Wiceprezes PiS Adam Lipiński z PiS wyjaśnił, że chodziło o niezadrażnianie sytuacji w Sejmie głosowaniem kontrowersyjnych ustaw. Minister w kancelarii premiera dodał, że w Sejmie postanowiono poddawać pod głosowanie tylko te ustawy, które mogą przejść pełną procedurę legislacyjną w Sejmie obecnej kadencji. W przypadku ustawy o dezubekizacji mogłoby to być niewykonalne. Dziś miało się odbyć dopiero pierwsze czytanie projektów ustaw dezubekizacyjnej i o usuwaniu symboli komunizmu.
Adam Lipiński powiedział, że w Sejmie istnieje consensus w sprawie przyśpieszonych wyborów i zdjęcie tej ustawy z porządku obrad podyktowane było troską o jego utrzymanie. Minister dodał, że ustawy o dezubekizacji i dekomunizacji zostaną poddane pod głosowanie jako pierwsze podczas posiedzenia Sejmu przyszłej kadencji.

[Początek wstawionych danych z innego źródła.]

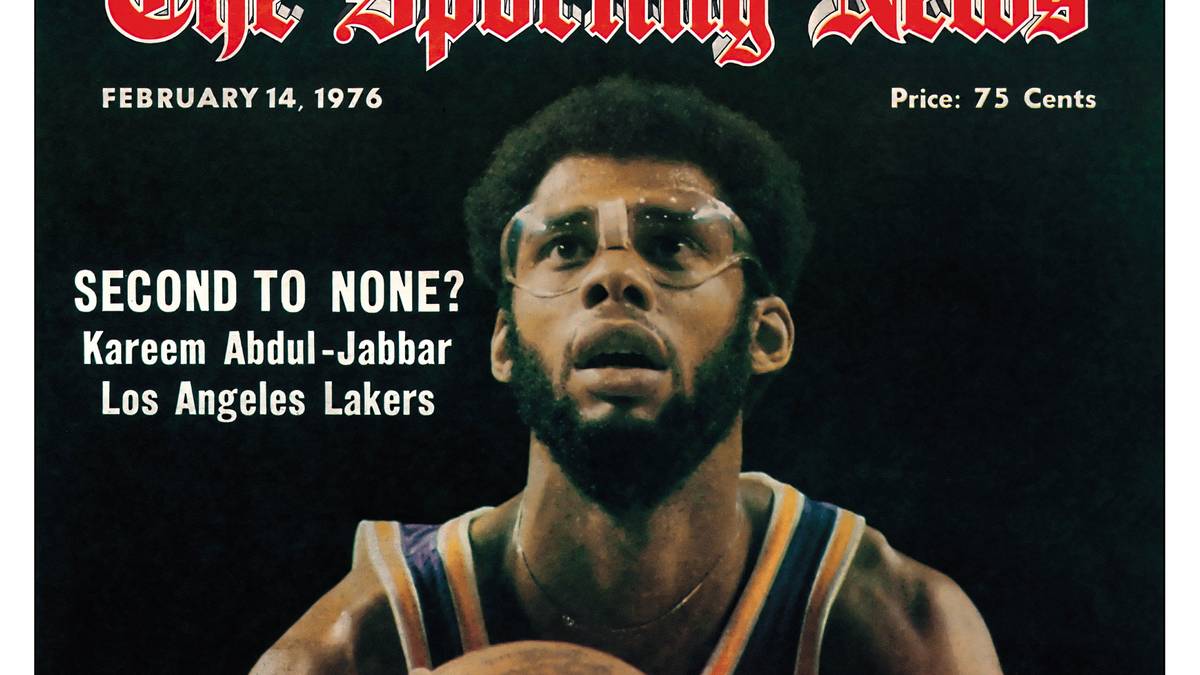 Der Hype war vergleichbar mit LeBron James' Wechsel zu den Miami Heat 2010. Bei den Lakers fing er auch an, seine charakteristischen "Goggles" permanent zu tragen. In der Preseason 1974 hatte er sich leicht am Auge verletzt, zudem trockneten seine Augen durch die harte Gangart an den NBA-Brettern und Blessuren schneller aus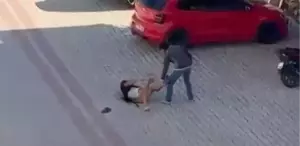 Annesiyle gönül ilişkisi olduğunu iddia ettiği kişiyi 22 bıçak darbesiyle öldürdü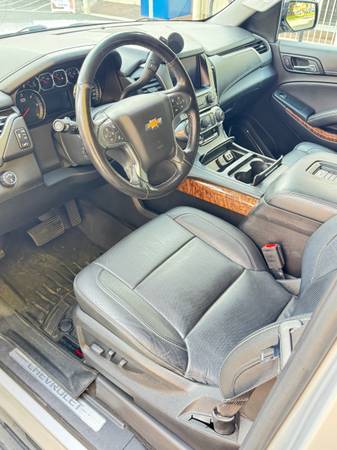 2018 Chevrolet Tahoe Premier 4x4 Automatic — photo 11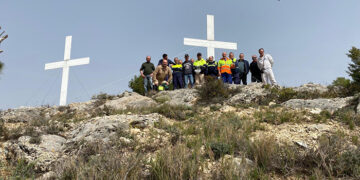 Instaladas las tres cruces en el Cerro de la Majestad de Cuenca la Semana Santa, a punto de comenzar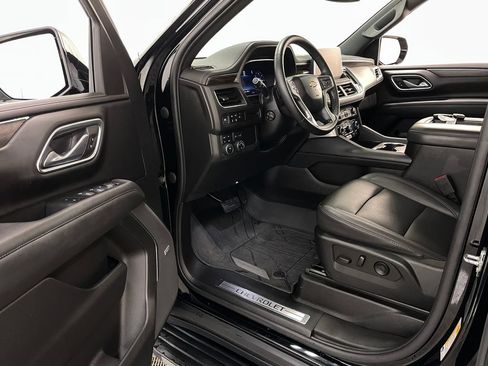 Used 2023 Chevrolet Tahoe LT w/ LT Signature Plus Package AWD/4WD image 30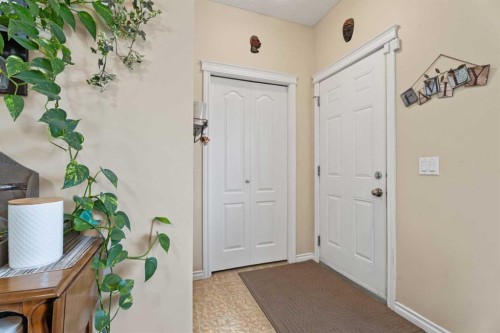 40 Cimarron Grove Drive, Okotoks, AB - Indoor Photo Showing Other Room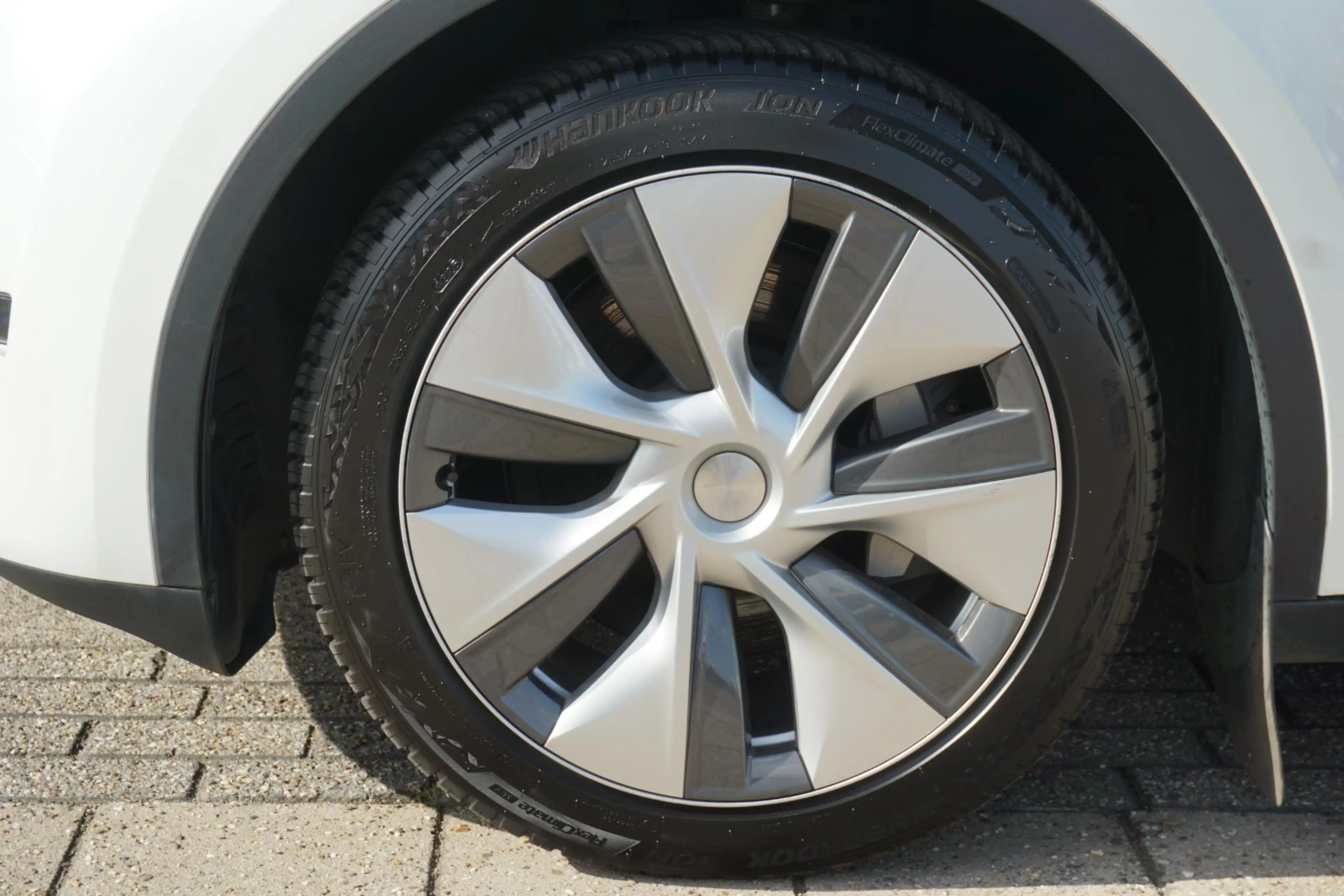 Tesla Model Y Long Range AWD 75 kWh | Soh 94% — photo 10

Projekty ustaw dezubekizacyjnej i o usuwaniu symboli komunizmu zostały przygotowane przez posłów PiS. Funkcjonariusze aparatu bezpieczeństwa PRL pracujący w nim od 1957 roku do 30 czerwca 1989 roku otrzymywaliby za ten okres najniższe uposażenia emerytalne. Czas pracy przed 1957 rokiem miałby nie być im wliczany do emerytury.